Buraya yerleştiğimizde cüce olan ağaçlar büyüyüp de altında oturmaya başlayalı beri tanımaya çalışıyorum kızılçamı. Ve aslında kızılçamdan da büyük bir ağacın altında oturduğumu fark ediyorum, belki insan yaşında bir hikâye ağacı. Bu yüzden iğne yapraklarına rağmen koyu ve serin bir gölgesi var.
Gölgesine sığınınca yazın sıcağında lavantini kesmek kolay oluyor.
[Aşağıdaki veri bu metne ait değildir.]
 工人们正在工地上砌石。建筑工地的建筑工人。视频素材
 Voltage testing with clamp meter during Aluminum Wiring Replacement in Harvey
Lavantin (Santolina chamaecyparissus), gezegenin en güzel çocuklarından biri. Hem iyi bir yer örtücü, hem çiçek yastığı, hem baharat, hem bit, pire, güve kovucu, hem mis kokulu. Bu özellikleriyle sebzelere, ağaçlara, bağa çok güzel arkadaşlık ediyor. Bir diğer adı da İstanbul papatyası. Marmara’nın kuzeydoğusu ve Ege’de doğal yayılışı olmasına rağmen Doğu Akdeniz’i de sevdi.
Susuzluğa dayanıklı, toprak seçmeyen bir yaban bitkisi. Çelikten çok kolay yetiştiriliyor. Şubat başı çok kalın olmayan odunsu dallardan verev kesimle alınan çelikler, toprağa dikilip can suyu verildi mi çiçekten bir yastığınız olmuş demektir. Bitkinin yastık görünümünü koruyabilmesi için sonbaharda budanması gerekiyor. İlkbaharda da budanabilir ancak o sene çiçek yapmıyor.
Gördüğü güneşin fazlalığından olsa gerek kokusu daha yoğun ve yakıcı. Şimdilerde sararmış otların önünde sel taşkını gibi duruyor.
Çiçekli dallarıyla muskalar yaptım. Bir süre sonra kimi evlerin belki mutfağını, belki dolabını, belki odasını süsleyecek. Yazı Yaban muskası. Böylece epeyi zaman önce çok severek işlediğim kimi malzemelere verdiğim isim olan ‘Muska’ ile, halleştiğim bitkilerin yolu da kesişmiş olacak. Kuruduktan sonra üzerlerine çeşitli sesleniciler, hipnotize ediciler, ötücüler asacağım. Hepsi bir ağızdan konuşmaya başladı mı bakan kişi yabandan ayrı duramayacak gayrı. Yola bir çıksa ayakları dağları bulacak. Şaka şaka! Belki de değil. Beki de değil çünkü elbette bu Lavantinler yabanı, hayalleri, çağrıyı iliklerinde biriktirdi ve üfleyecek görene.